‘And were there no bold ones in your time?’

‘There were in our time too ... to be sure there were! But who were they? A pack of strumpets, shameless hussies. Draggle-tails—for ever gadding about after no good.... What do they care? It’s little they take to heart. If some poor fool comes in their way, they pounce on him. But sensible folk looked down on them. Did you ever see, pray, the like of such in our house?’

Aratov made no reply, and went back to his study. Platonida Ivanovna looked after him, shook her head, put on her spectacles again, and again took up her comforter ... but more than once sank into thought, and let her knitting-needles fall on her knees.

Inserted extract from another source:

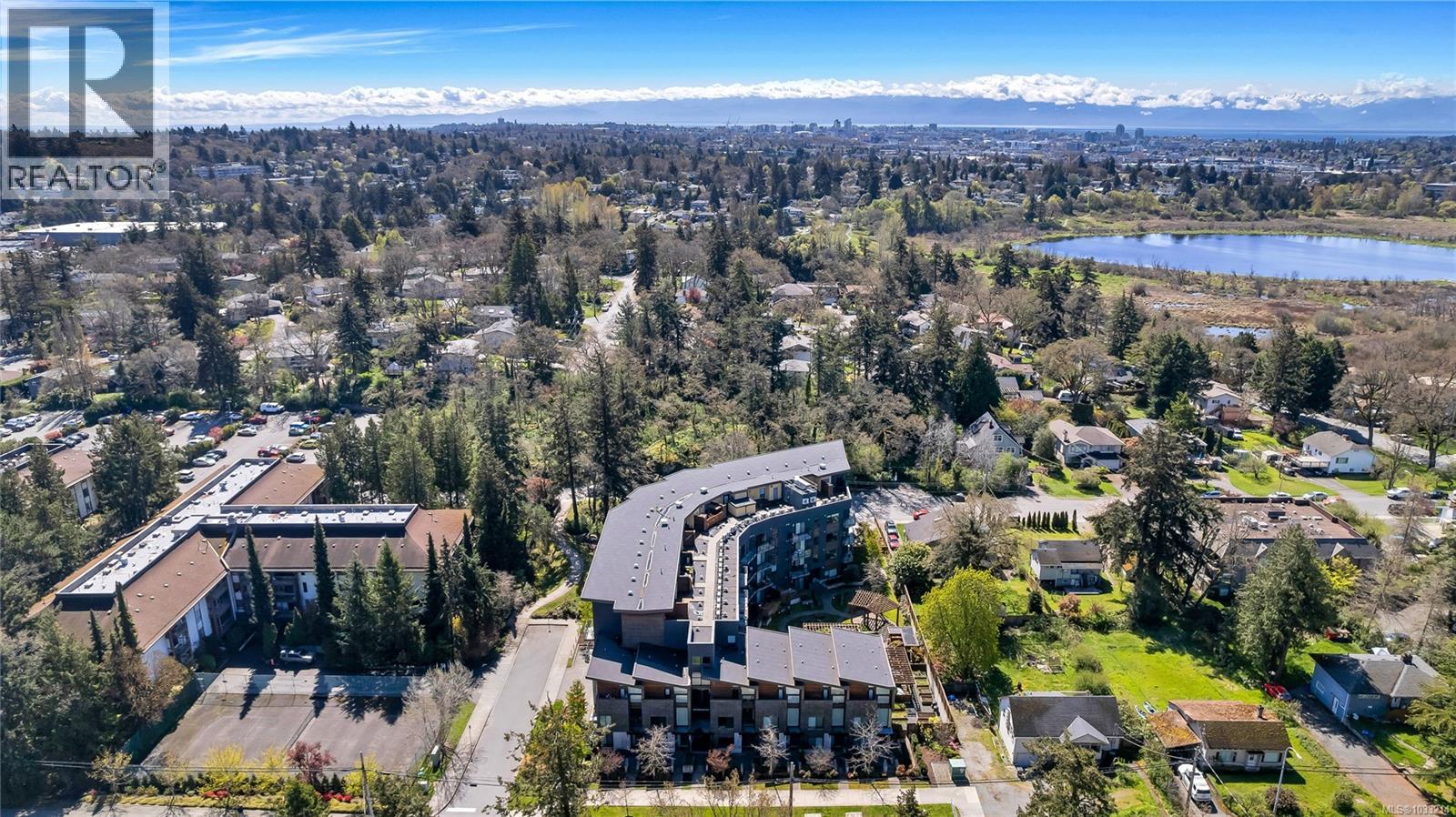 4 991 McKenzie Avenue, Saanich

Aratov up till very night kept telling himself, no! no! but with the same irritation, the same exasperation, he fell again into musing on the note, on the ‘gipsy girl,’ on the appointed meeting, to which he would certainly not go! And at night she gave him no rest. He was continually haunted by her eyes—at one time half-closed, at another wide open—and their persistent gaze fixed straight upon him, and those motionless features with their dominating expression....

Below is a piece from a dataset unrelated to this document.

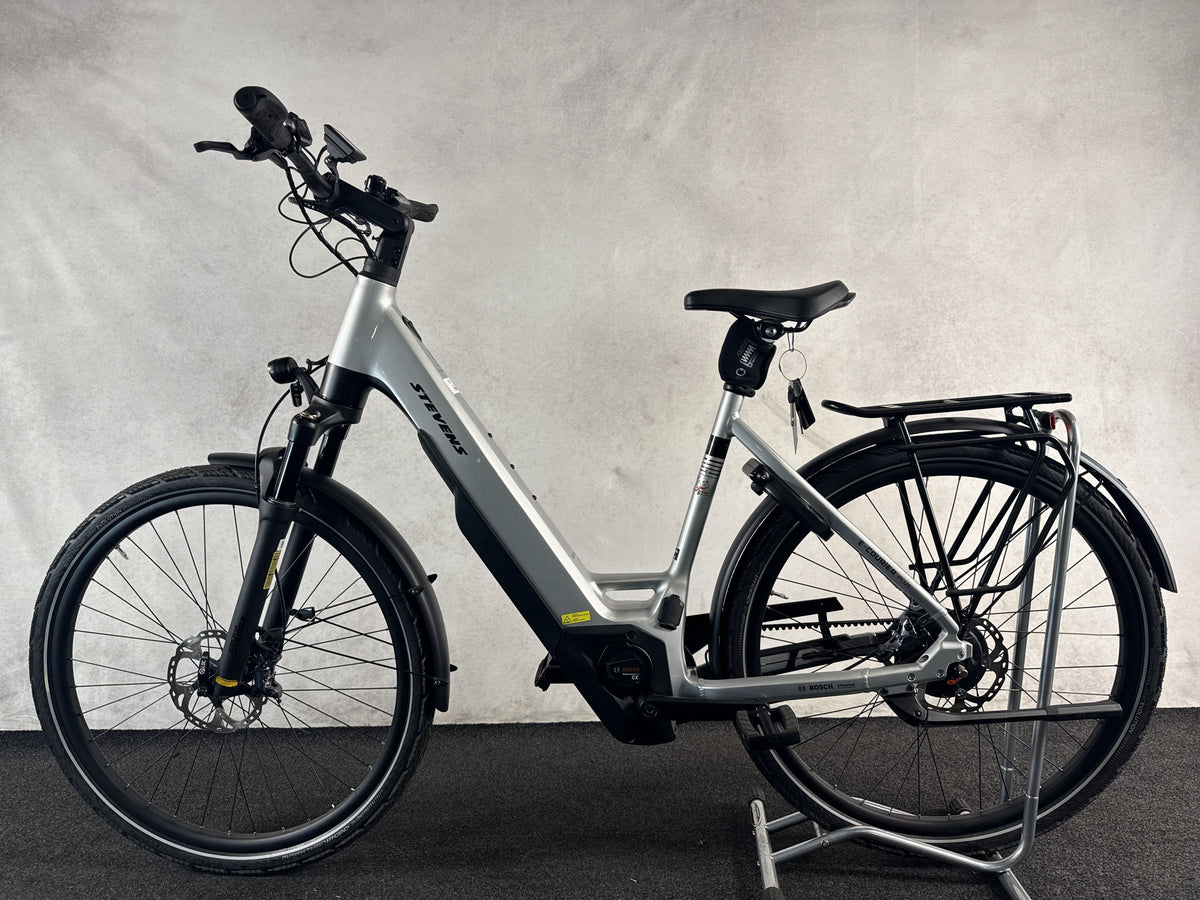Stevens E-Courier Plus Forma gebraucht – Seitenansicht links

The next morning he again, for some reason, kept expecting Kupfer; he was on the point of writing a note to him ... but did nothing, however,... and spent most of the time walking up and down his room. He never for one instant admitted to himself even the idea of going to this idiotic rendezvous ... and at half-past three, after a hastily swallowed dinner, suddenly throwing on his cloak and thrusting his cap on his head, he dashed out into the street, unseen by his aunt, and turned towards the Tversky boulevard.

VII

Aratov found few people walking in it. The weather was damp and rather cold. He tried not to reflect on what he was doing, to force himself to turn his attention to every object that presented itself, and, as it were, persuaded himself that he had simply come out for a walk like the other people passing to and fro.... The letter of the day before was in his breast-pocket, and he was conscious all the while of its presence there. He walked twice up and down the boulevard, scrutinised sharply every feminine figure that came near him—and his heart throbbed.... He felt tired and sat down on a bench. And suddenly the thought struck him: ‘What if that letter was not written by her, but to some one else by some other woman?’ In reality this should have been a matter of indifference to him ... and yet he had to admit to himself that he did not want this to be so. ‘That would be too silly,’ he thought, ‘even sillier than this!’ A nervous unrest began to gain possession of him; he began to shiver—not outwardly, but inwardly. He several times took his watch out of his waistcoat pocket, looked at the face, put it back, and each time forgot how many minutes it was to five. He fancied that every passer-by looked at him in a peculiar way, with a sort of sarcastic astonishment and curiosity. A wretched little dog ran up, sniffed at his legs, and began wagging its tail. He threatened it angrily. He was particularly annoyed by a factory lad in a greasy smock, who seated himself on a seat on the other side of the boulevard, and by turns whistling, scratching himself, and swinging his feet in enormous tattered boots, persistently stared at him. ‘And his master,’ thought Aratov, ‘is waiting for him, no doubt, while he, lazy scamp, is kicking up his heels here....’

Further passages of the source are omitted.